This week I have three books that defend liberalism. They refute three positions that have allowed progressives and conservatives to fly: anti-imperialism, religion and equality.
One of them is “Violent Saviors: The West’s Conquest of the Rest” by William Easterly. The author advances the extremely convincing thesis that the “mission to civilize” the “Rest” was profoundly, even stupidly, illiberal.
Catholic missionaries to First Nations, 19th-century imperialists, and “development” experts of the last 80 years have all demonstrated the arrogance of expertise (something Easterly wrote about and experienced: he worked for a long time at the World Bank). He indicates that treating women like children has the same metaphor at work: Oh, poor thing, let me help you — by stopping you, for example, from studying medicine.
Marxists and other leftists have stolen anti-imperialism. They claimed that recent European empires were the consequence of… liberalism. JA Hobson (1858-1940), Lenin (1870-1924) and many others believed that “late capitalism” required exploitation of the Third World. We still hear this statement made confidently by the Marxist academics who dominate Brazilian and American universities. This statement has never made sense.

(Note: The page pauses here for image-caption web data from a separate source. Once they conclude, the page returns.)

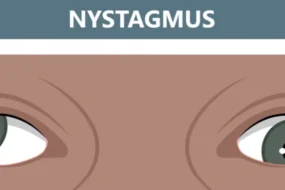 Nystagmus
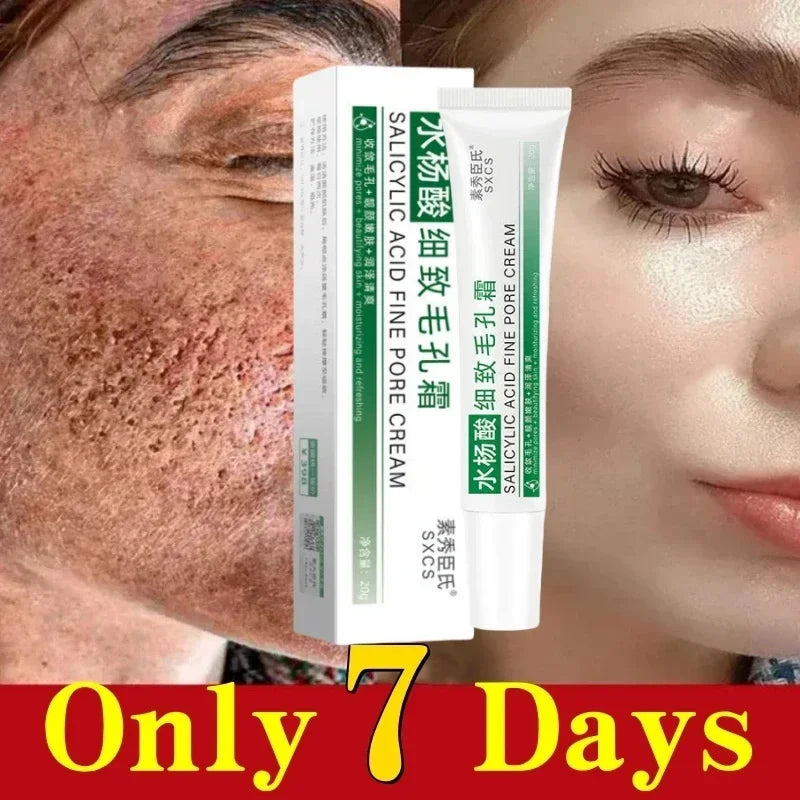 Pore Shrinking Cream Elimination Large Pores Blackehead Remove Acne Pit Repair Gel Tighten Face Smooth Skin Korean Care Products - PrimeNest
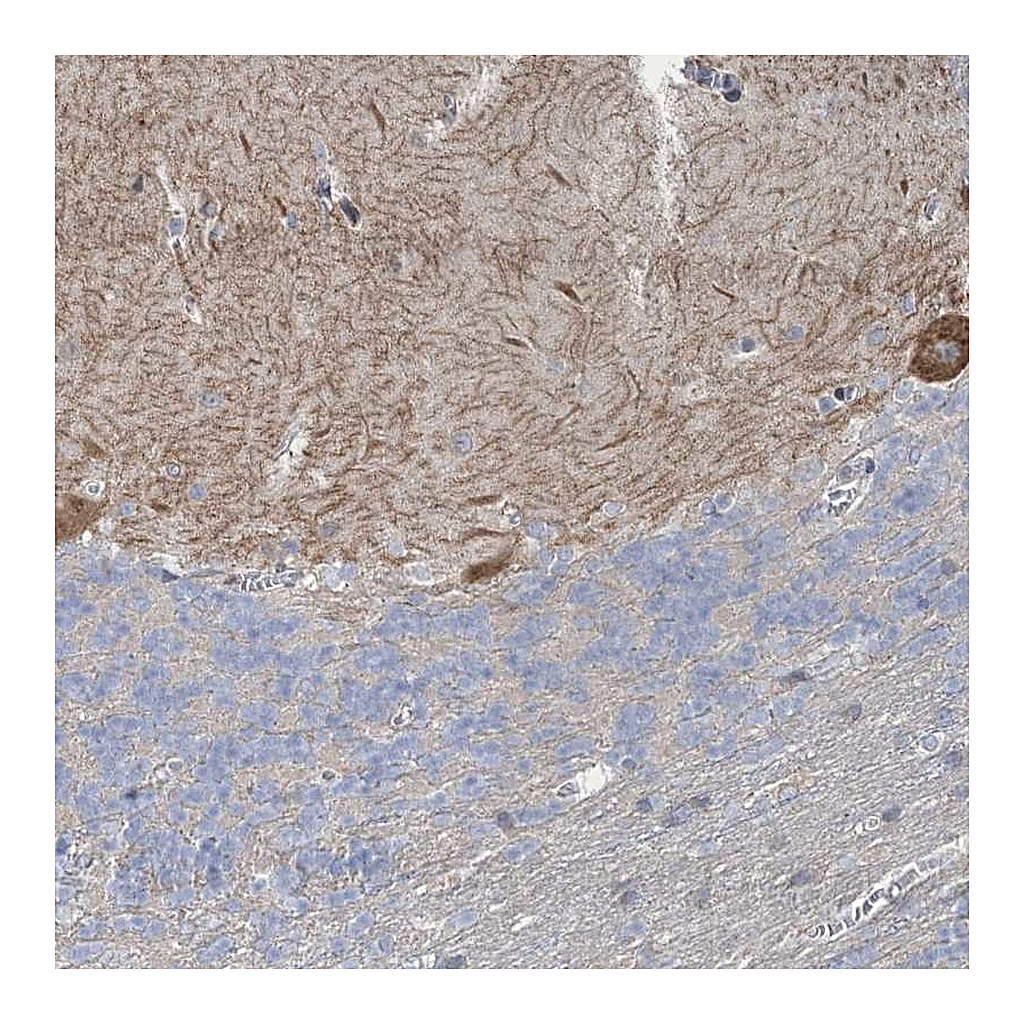 Atlas Antibodies Anti-SHANK1 Antibody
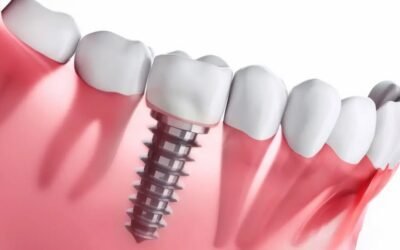 Descubra Quanto Custa um Implante Dentário e as Vantagens do Plano com Implantes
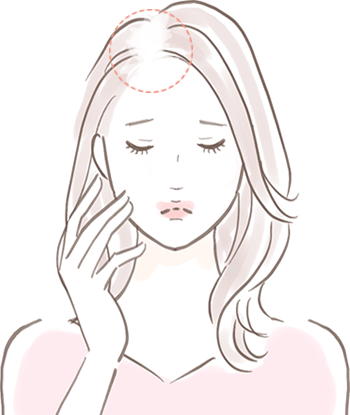 薄毛治療（男性型脱毛・女性）｜美容皮膚科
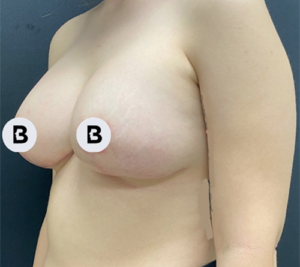 Breast Augmentation Before and After Pictures Buffalo, NY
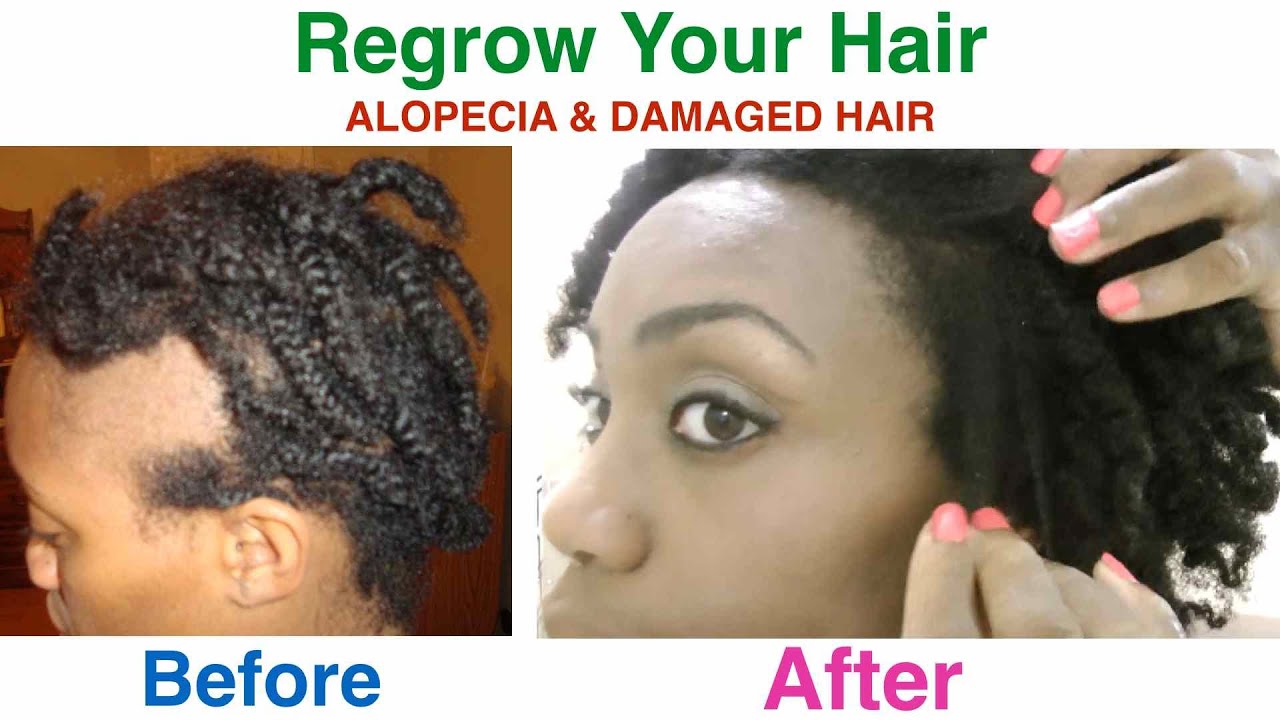 How To Regrow Your Hair Alopecia Damaged Hair YouTube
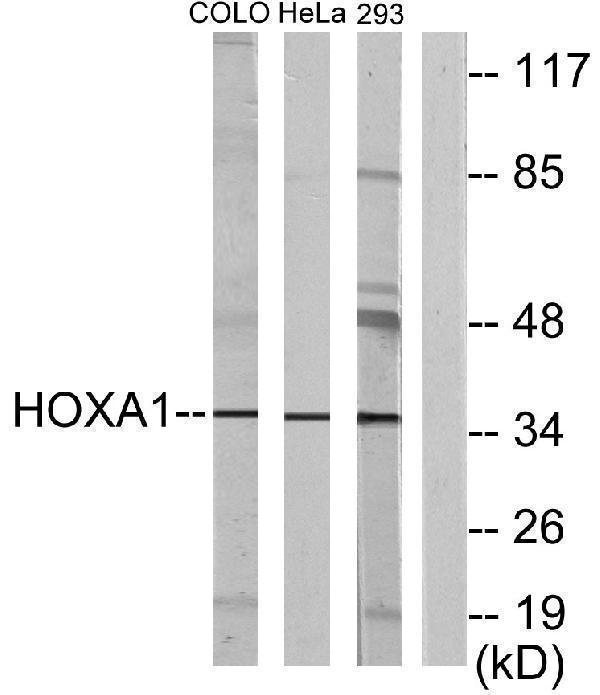 Western blot analysis of lysates from HeLa, COLO, and 293 cells, using HOXA1 Antibody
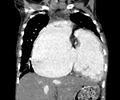 Atrial septal defect complicated by Eisenmenger syndrome (Radiopaedia 53707-59768 Coronal C+ CTPA 8).jpg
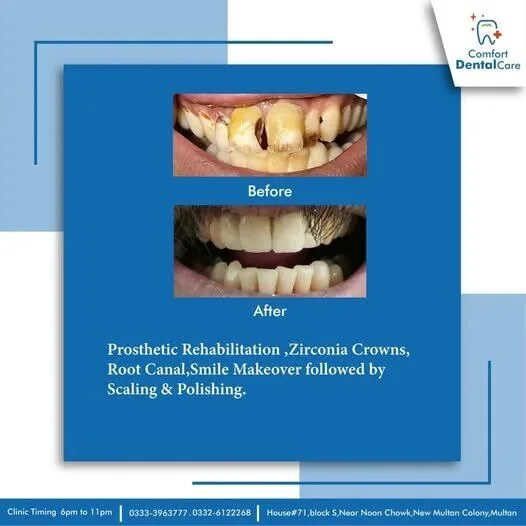 Before and after prosthetic rehabilitation with fiber post core buildup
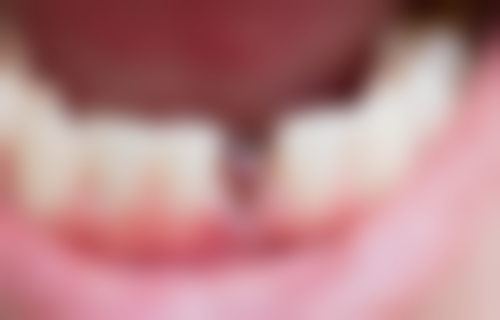 五、江苏南通启东皓齿口腔舒适就医环境，打造人性化诊疗体验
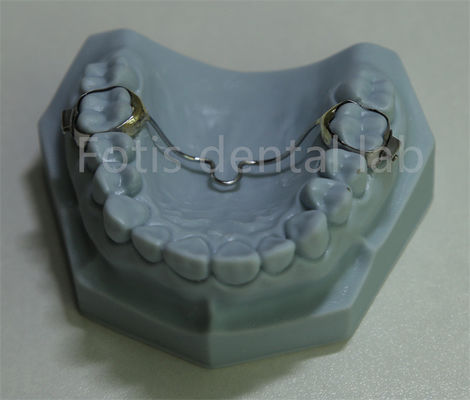 Expansión dental versátil retenedor Solución asequible para la mayoría de los tratamientos de ortodoncia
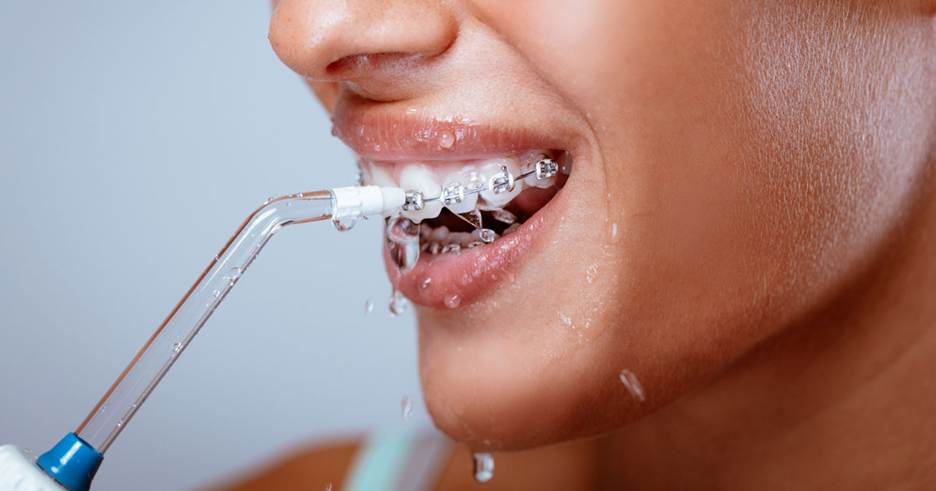 مراقبت های دوران ارتودنسی دندان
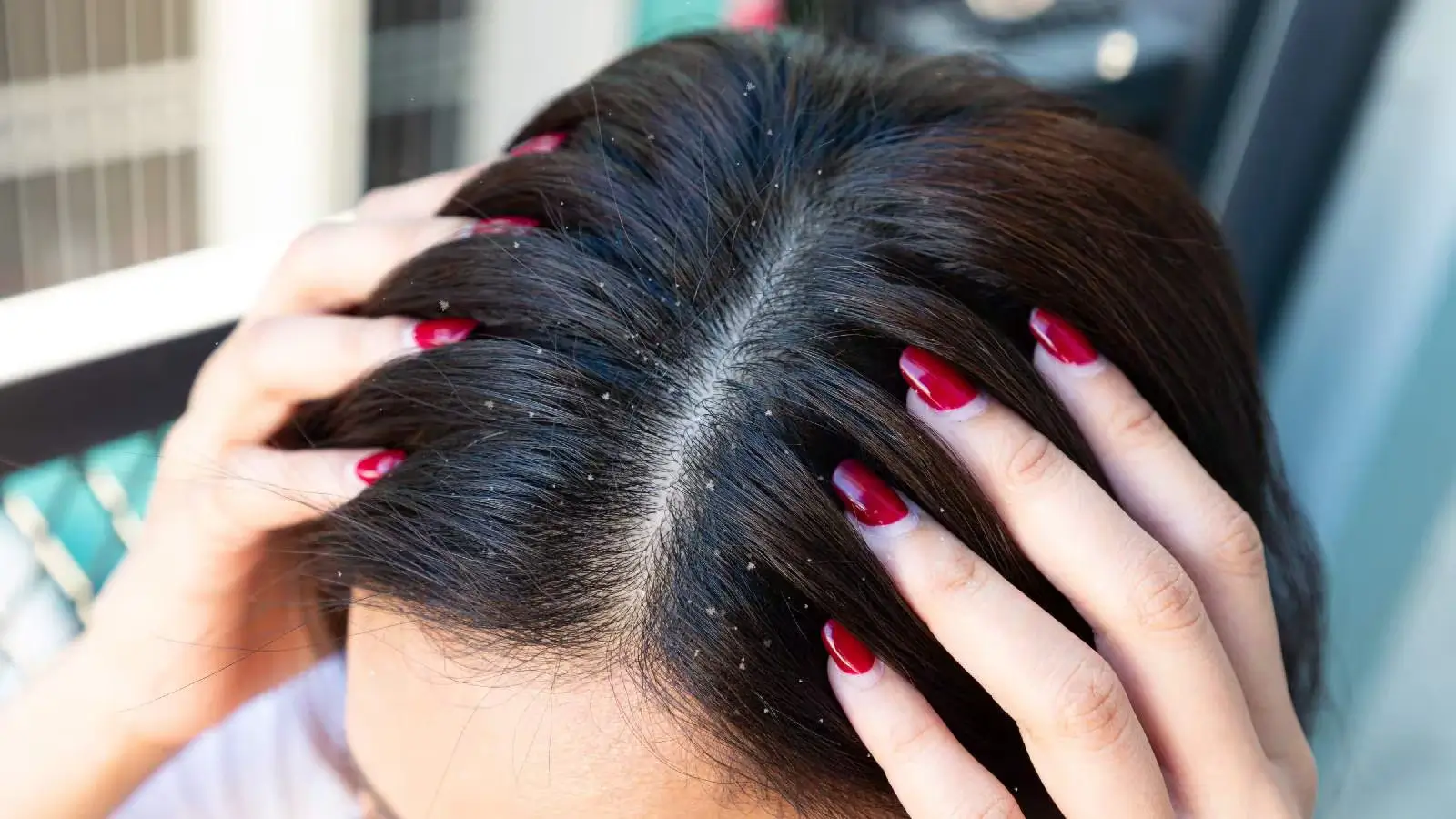 Get Rid Of Dandruff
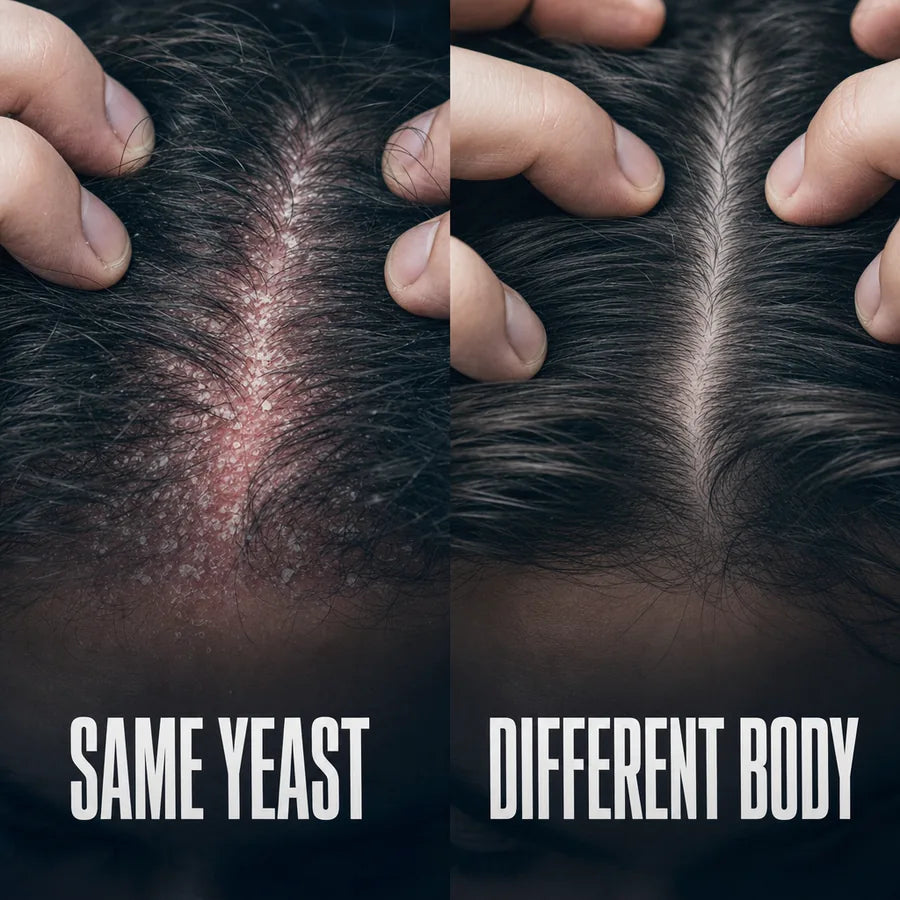 Two scalps, same yeast, different response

Most classical liberals were staunch anti-imperialists, such as the Scot Adam Smith and the American Henry David Thoreau (1817-1862). Although there was the “empire” of Brazil, Peter 1° was in reality the freedman of the Portuguese empire, and Peter 2°, a model liberal leader, liberator of slaves.
The second book, which will be released in February, is called “No Coercion in Religion – No Exceptions: Islamic Cases for Religious Freedom,” edited by my Cato colleague Mustafa Akyol. Just like Easternly against imperialism, Akyol has for years been bringing liberal thought to confront the minority of Muslim countries consumed by hatred of freedom.
He says that Islam need not be anti-liberal – just as Christianity need not be, even though many recent anti-liberal Christian theorists, such as Patrick Deneen, have claimed that it is.
A thousand years ago, Islam was decidedly more liberal than the miserable Christians. Of the recent reimposition of mad tyranny in Afghanistan, Akyol writes: “But was it really the Islamic thing to do? Were the Taliban right, religiously?” He and other prominent Islamic scholars included in the book say no and cite the Quran (2:256) for support: “There is no compulsion in religion. »
The third book is mine: “Equality of Permission”, which will be released in September. Like the others, he denies illiberal absurdities. Easterly denies the absurd claim that liberalism caused imperialism and Akyol denies the absurd claim that Islam is illiberal. I deny the absurd claim that permission leads to inequality.
Enough nonsense. Liberalism is not a cruel, anti-poor and anti-third world “neoliberalism”. Nor is it the enemy of true religion. This is the natural life of liberated adults.